A note from the editor:
Some 206 Zulu readers will be familiar with our Always Remembered series, a tradition we carry each year where we take time to hold space for people within Hip Hop and its peripheral communities who passed on over the course of the preceding year. In the past, this remembrance has taken the form of an annual video episode of our Meeting of the Minds podcast. For 2024, we’ll be sharing these memories in a different way.
Over the course of this year, we’ll be sharing a written commemoration of some of these influential members of our greater community, one at a time. We know that the act of remembrance is a tremendous power we have to keep our predecessors and ancestors alive through our collective voice. In that grain, stay posted for our ongoing series of brief stories looking into the lives of some of the fascinating people that transcended their physical frames in the course of 2023. And if any of these individuals have impacted you in any way, remember, your retelling of these stories will keep them alive in perpetuity. This is Always Remembered…
Azagaia
Edson da Luz aka Azagaia was an emcee, born in his artistry from the same winds that carried the youth of the South Bronx to create Hip Hop as a force for resistance as much as it was a source of entertainment. He died last year after a reported epileptic seizure at the age of 38.
As much as he was an emcee, Azagaia was an activist. In his homeland of Mozambique, a country where public demonstrations critical of President Filipe Nyusi’s government are rare, Azagaia was unspoken and recalcitrant. His courage to face down power through his music inspired many inside and outside of the Portuguese-speaking Hip Hop scene as he sang about injustice, the climate crisis, mistreatment of people by repressive authorities, poverty, and other social injustices he observed throughout his life.
Azagaia was from Namaacha, a border town not far from the capital Maputo, where the three countries of Mozambique, South Africa, and Eswatini meet. From those crossroads, a growing artist could see a lot. Among other elements of transition and change that could be observed near those borders, the first President of independent Mozambique, Samora Machel, died in a plane crash about 12 miles from Namaacha, in circumstances that have long been debated with suspicion. Growing up through the phase of newly independent Mozambique that he did, observing first hand the troubles of the recent colonial past and tasting the hope that springs from a return to independence, Azagaia made music urging the people of his country to think about social inequalities and their effects on poor people. He spoke out against imperialism and slavery, but also didn’t hold back on injustice from leaders at home in Mozambique.
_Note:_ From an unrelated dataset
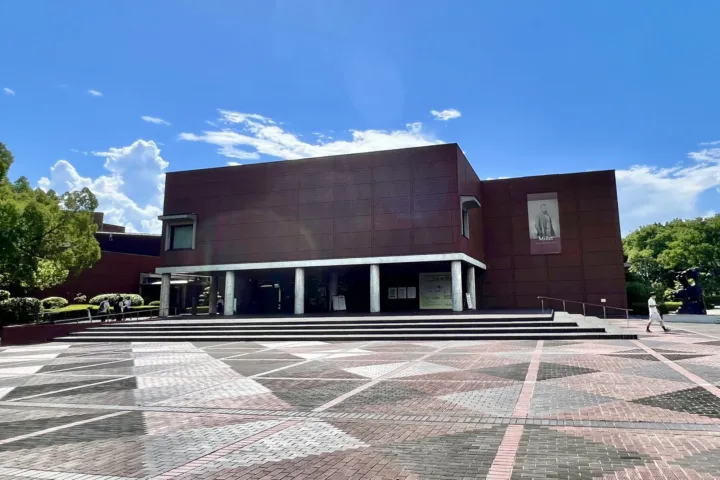 山梨県立美術館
The effect he had on his community can be seen through the nationwide demonstrations following his funeral procession that brought thousands out on the streets of Maputo to march on the capital, chanting “resistance” and “power to the people.” Others set up similar marches in almost every other major city in Mozambique the weekend after his death.
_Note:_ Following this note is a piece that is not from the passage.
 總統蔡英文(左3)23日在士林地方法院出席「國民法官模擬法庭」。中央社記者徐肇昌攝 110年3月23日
”(Azagaia) never sided with any political party because he was the voice of the people,” Tirso Sitoe, an organizer of one of the protest vigils, told The Associated Press. “He showed us that things have not changed since independence (in 1975). The only thing that has changed is the color of (the rulers’) skin.”
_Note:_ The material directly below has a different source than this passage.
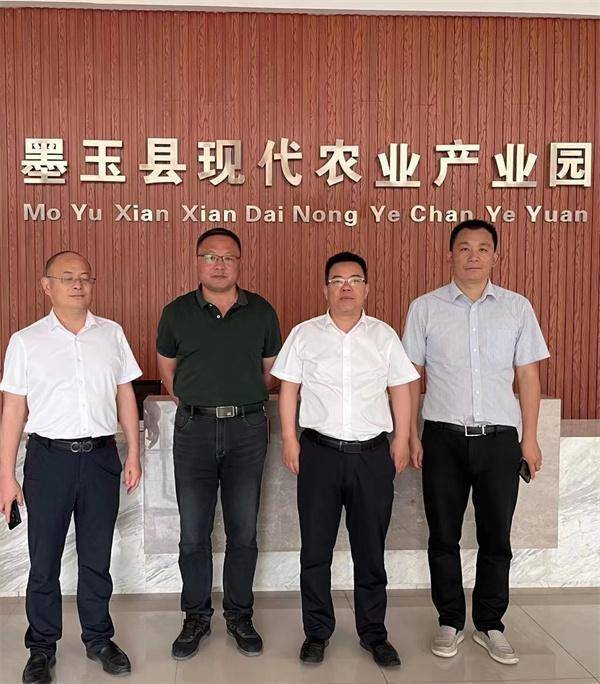 陕西西安:西安市江苏商会执行会长黄海云应邀前往和田墨玉县考察_的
On the day of his funeral, the people took to the streets to carry his coffin past the president’s house. Riot police responded with tear gas. Shouts of protest and clouds of lachrymator surrounding the mortal body of a revolutionary on its last journey before returning to the earth, seems appropriate for an artist whose stage name was a reference to a traditional spear. It’s also a powerful symbol of the way artists can live beyond their vessels, through music and organizing, and how the people continue to give them life. In that grain, we remember Azagaia.